▶ _Provided material_
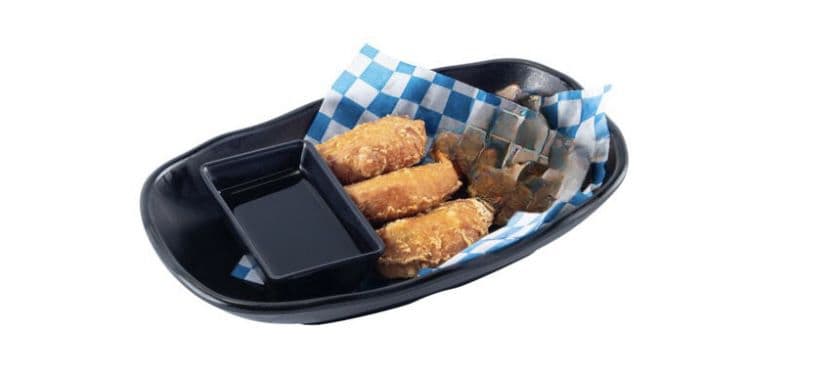 K30 Tofu Tempura(3mcx)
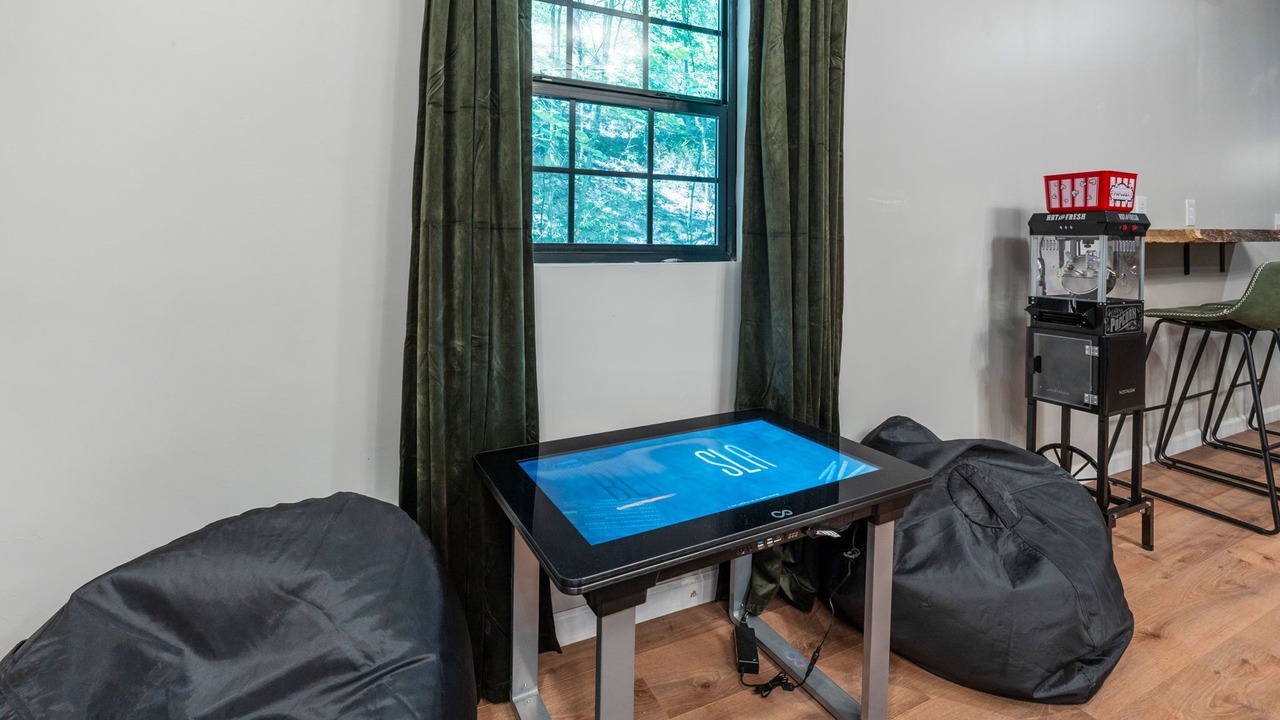 Photo of Bedroom in Logan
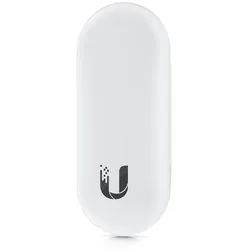 UBIQUITI Access Reader Lite, Bluetooth and NFC Reader, RJ-45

▶ _Assigned task_
Everything in the material except the pictures should be output verbatim.

▶ _Completed exercise_
 K30 Tofu Tempura(3mcx)
 Photo of Bedroom in Logan
 UBIQUITI Access Reader Lite, Bluetooth and NFC Reader, RJ-45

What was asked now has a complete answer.